Kelly Slater: «Havia muita festa, drogas, álcool… O surf foi a minha saída»
— Um dia perfeito para si continua a ser na praia?
— Um dia perfeito para mim é surfar o dia todo… E depois estar tão cansado que adormeço no sofá com a guitarra ou com o meu filho de nove meses deitado em cima de mim.
— Dizia-se muitas vezes que a sua disciplina alimentar e rigor com horas de descanso era um dos segredos da longevidade…

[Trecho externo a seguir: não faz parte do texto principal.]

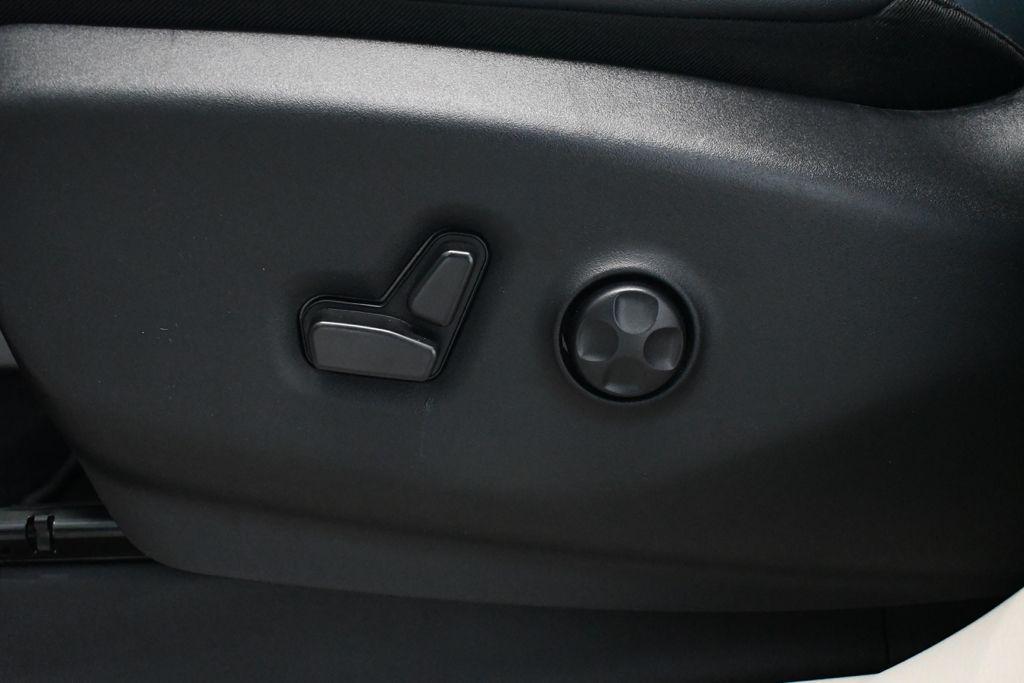 used 2024 Chrysler Pacifica car, priced at $27,280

— Agora já não sou tão rigoroso, mas no geral sou disciplinado. Tento não comer muito açúcar. O problema é que adoro comida. Como demais, às vezes. E adoro cozinhar.
— Qual é a especialidade?
— Ovos. Faço ovos de mil maneiras. Adoro fazer pequenos-almoços. Também faço muitos bifes, saladas… E sobremesas. Faço chocolate com coco, cacau em pó e mel, sem açúcar. Às vezes uso mel ou xarope de tâmaras em vez de açúcar. Também faço sobremesas geladas, como bananas cobertas de chocolate preto e manteiga de amendoim. A minha namorada adora quando invento com o que temos no frigorífico ou no congelador. Gosto mesmo de cozinhar.
— Algumas pessoas dizem que essa disciplina permitiu, aos 53 anos, competir com os melhores, com idades bem diferentes…
— Sim, sou selvagem [risos].
— Um pouco como acontece com Cristiano Ronaldo, cujo segredo não realmente um segredo, mas sim o cuidado com a alimentação, o treino, o descanso...
— Sim, claro. Talvez, mas tive muitas influências em jovem. Muitas delas negativas. Havia muita festa, drogas, álcool… Cresci na Flórida nos anos 70. Muitos dos tipos que conheci eram traficantes, viciados… Mas só percebi isso mais tarde. Pensava: ‘Como é que aquele tipo tem um Porsche?’ ‘E animais exóticos em casa?’ Depois percebi que aquele caminho não levava a lado nenhum. O surf foi a minha saída. Permitiu-me ter uma carreira, viajar, ganhar dinheiro, comprar uma casa, um carro. E isso era muito para um miúdo de uma cidade pequena.
— Há algum lugar onde queira ir e ainda não tenha ido?
— Muitos! Quero conhecer o mundo inteiro. Ir à Birmânia, Mongólia, Filipinas, Chile… Fui convidado para as Galápagos e para a Antártida mas ainda não fui. Gostava de ir à Islândia, Noruega… E passar mais tempo em Marrocos. Nem tudo é para surfar, às vezes é só por turismo. Nunca vou conseguir visitar todos os lugares que quero, mas vou tentar.
«Éramos vistos como segundas escolhas»
— Muitas pessoas acham que o surf tem esse mundo espetacular, sempre descontraído e até romântico de viajar para surfar, que é só festas, surf e diversão. Mas não é só isso...
— Claro que não! Fazemos amigos, há comunidades por todo o mundo. Voltas a um lugar e vês caras conhecidas. Fazes memórias para a vida toda, mas há muito mais e muito trabalho.
— Em Portugal só tivemos dois surfistas na World Surf League: o Tiago e o Kikas. Porque é tão difícil para um país com tantas praias ter surfistas ao mais alto nível?
— Não sei… Há sítios no mundo com grupos de grandes surfistas. Por exemplo, tivemos sete surfistas da Florida no top 44! Isso é muito. E quando há talento concentrado, todos se puxam uns aos outros. O Brasil cresceu imenso. Tiveram sempre bons surfistas, mas nenhum a lutar pelo título. Depois apareceu o Medina. E antes dele, o Adriano venceu o título. E agora há o Filipe, o Ítalo… De repente, o Brasil ganhou vários títulos. O mesmo aconteceu na costa leste dos EUA. Sempre se disse que só os do Havai ou Califórnia eram bons. Nós éramos vistos como ‘segundas escolhas’. Mas depois começámos a ganhar, e isso mudou a opinião das pessoas. Agora temos 22 títulos mundiais.
— Mas 11 têm o mesmo nome como vencedor…
— Sim, é verdade [risos], mas os outros 11 não.
— No Brasil até já surfou com pai e filho, atravessando gerações.
— Sim, com o Ian [Gouveia] e o Fabio. E também o pai do Filipe competia quando comecei. Também surfei contra o Michael Ho e agora contra o Mason Ho. É engraçado. E acho que os estou a manter vivos e alertas!